[Work required]: Line by line, repeat the material below exactly and leave the images out.

[Source data]:
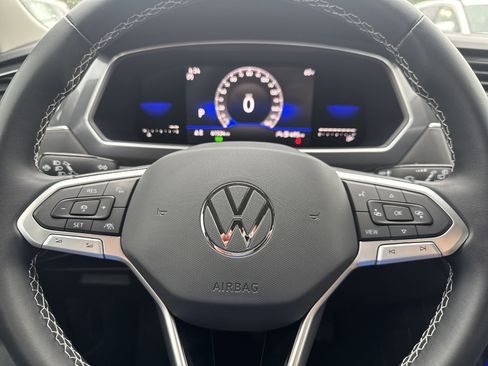 Certified 2023 Volkswagen Tiguan SE FWD image 10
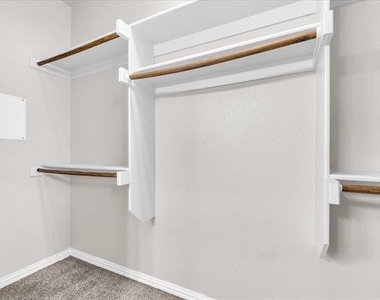1523 Cozy Drive - Photo Thumbnail 26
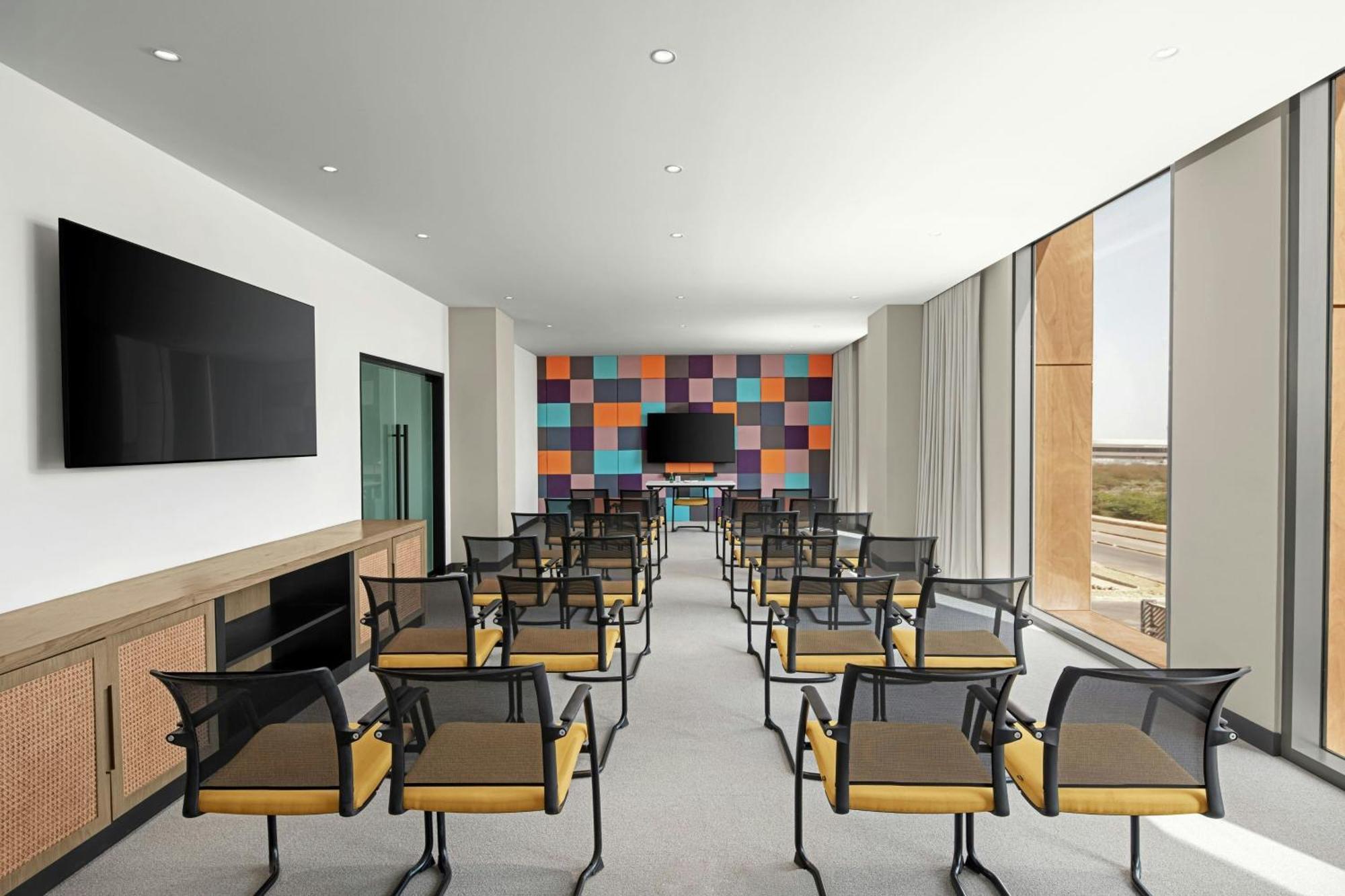 Four Points By Sheraton Dakar Diamniadio Noflaye Exterior photo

[Result of the task]:
 Certified 2023 Volkswagen Tiguan SE FWD image 10
1523 Cozy Drive - Photo Thumbnail 26
 Four Points By Sheraton Dakar Diamniadio Noflaye Exterior photo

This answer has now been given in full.